* _Instructions for the task_
I'd like the entries reproduced exactly, with all pictures omitted.

=== Section Start ===

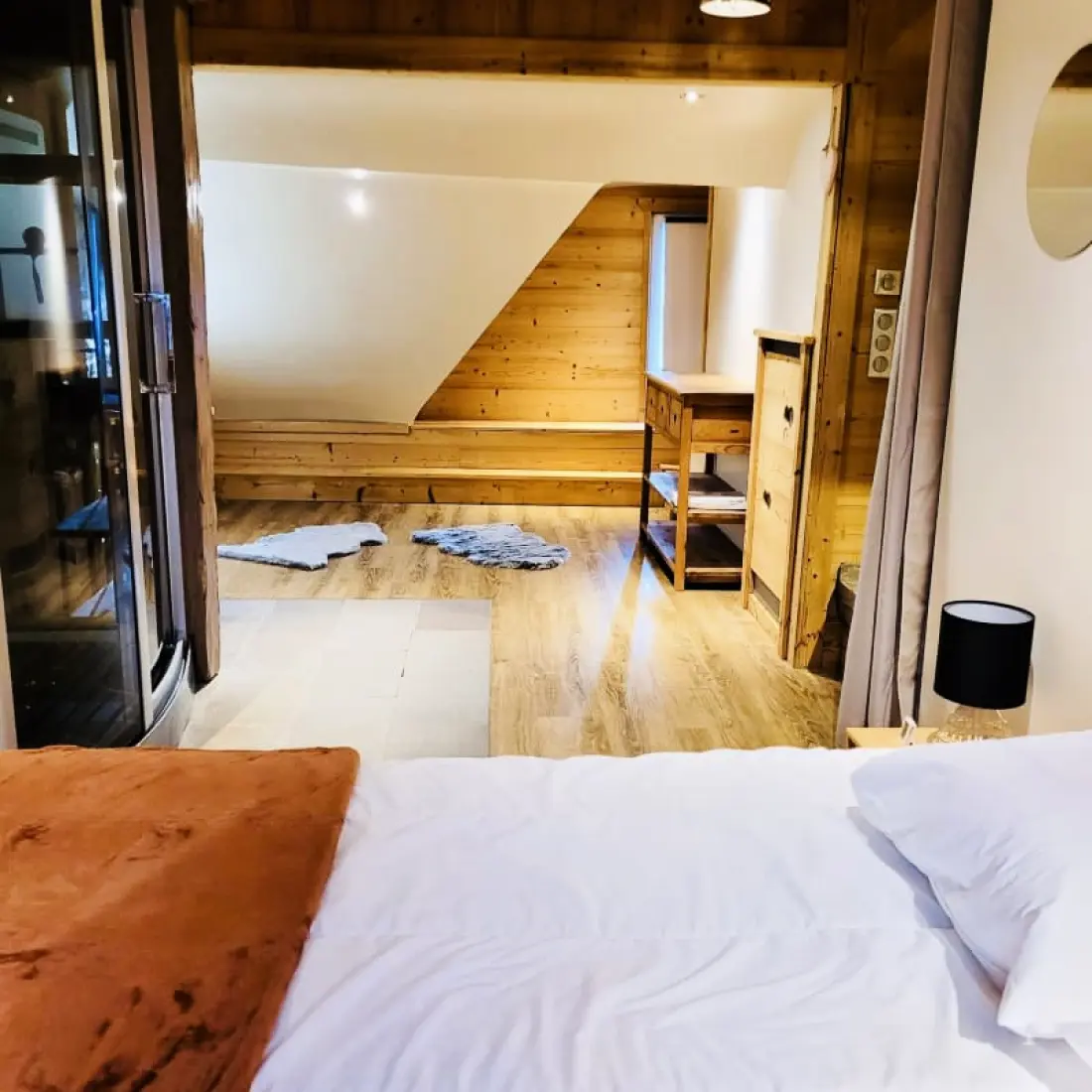 Maison Spacieuse Avec Terrasse, Proche Du Lac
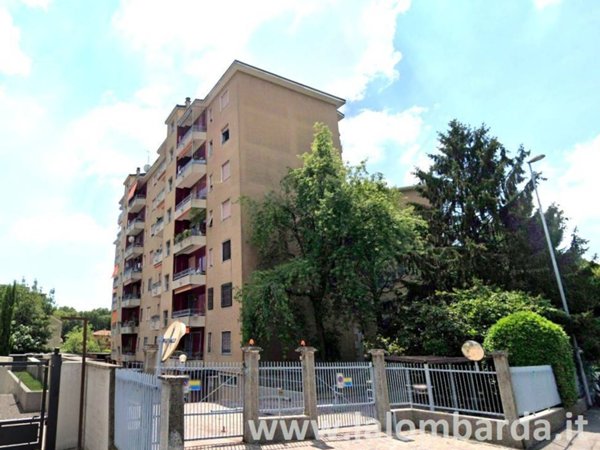 locale di sgombero in vendita a Monza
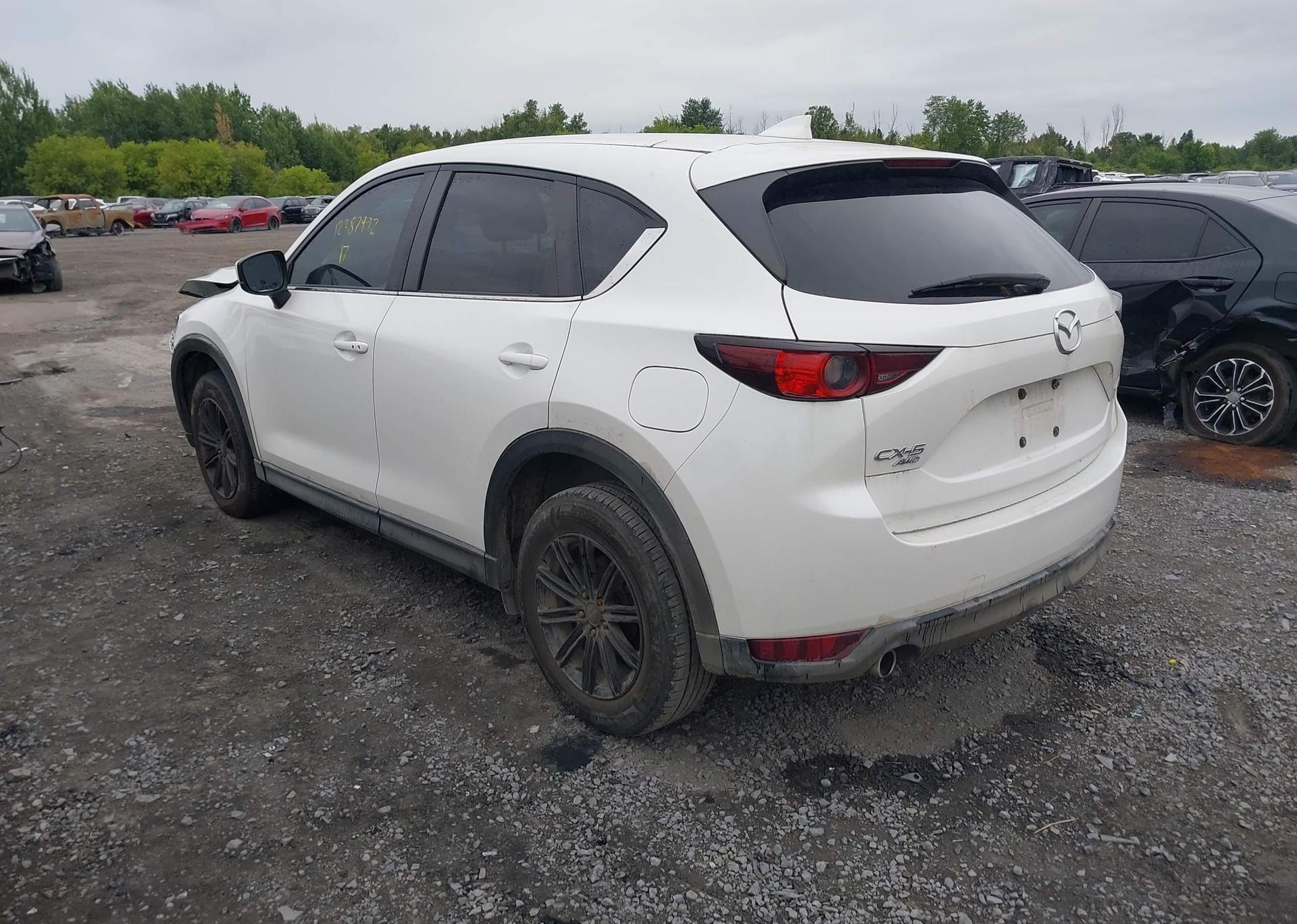 2017 MAZDA CX-5 GS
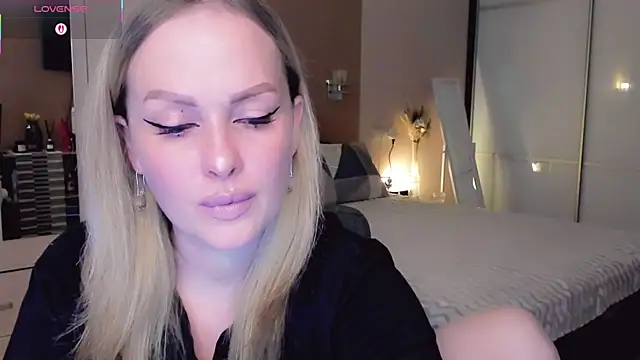 Snapshot of Libby_Nora chatting on 02-27-26, 09:20 Libby Nora online show from 02-27-26, 09:20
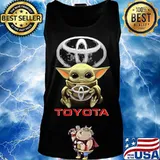 Baby yoda hug toyota s Tank top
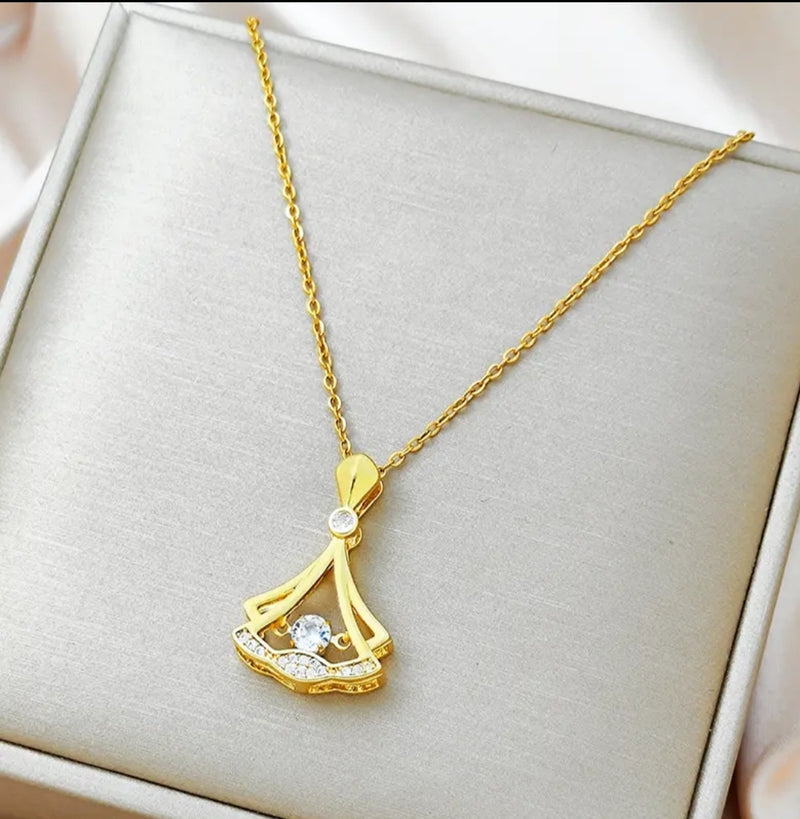 24K Gold Plated Fan Necklace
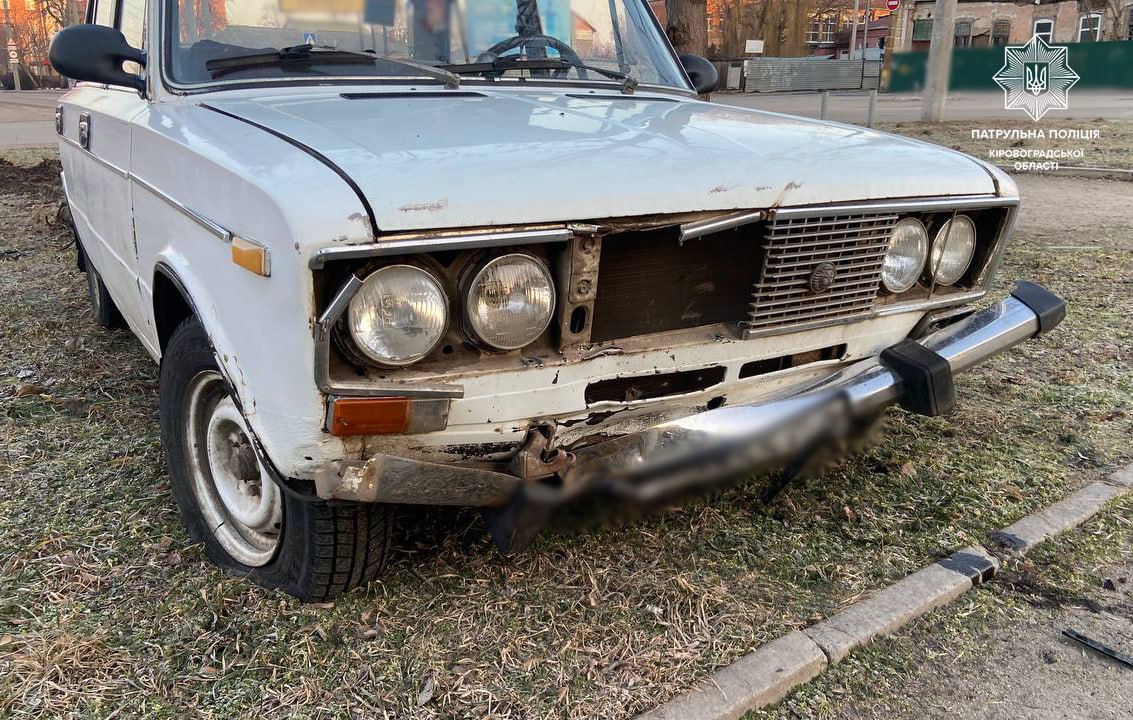 У Кропивницькому п’яний водій протаранив опору і вилетів на клумбу (ФОТО)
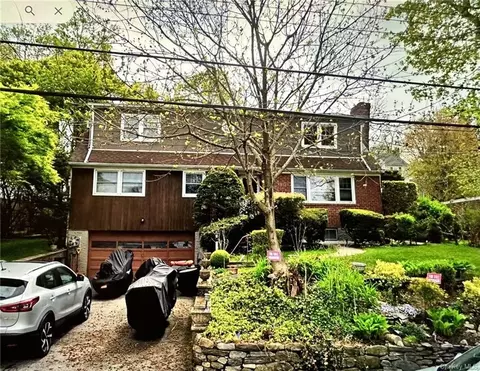 168 Rosedale Rd, Yonkers, NY 10710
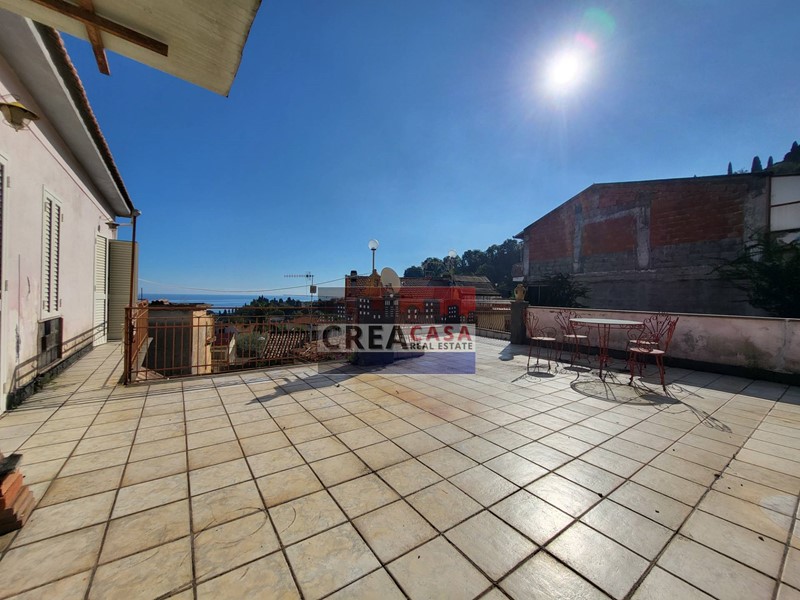 Casa Indipendente in Vendita a Mascali, 185'000&euro;, 261 m², con Box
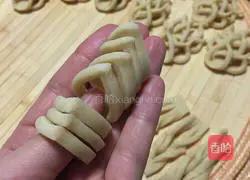 Illustration of Suide deep-frying method 10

=== Section End ===

* _Answer area_
 Maison Spacieuse Avec Terrasse, Proche Du Lac
 locale di sgombero in vendita a Monza
 2017 MAZDA CX-5 GS
 Snapshot of Libby_Nora chatting on 02-27-26, 09:20 Libby Nora online show from 02-27-26, 09:20
 Baby yoda hug toyota s Tank top
 24K Gold Plated Fan Necklace
 У Кропивницькому п’яний водій протаранив опору і вилетів на клумбу (ФОТО)
 168 Rosedale Rd, Yonkers, NY 10710
 Casa Indipendente in Vendita a Mascali, 185'000&euro;, 261 m², con Box
 Illustration of Suide deep-frying method 10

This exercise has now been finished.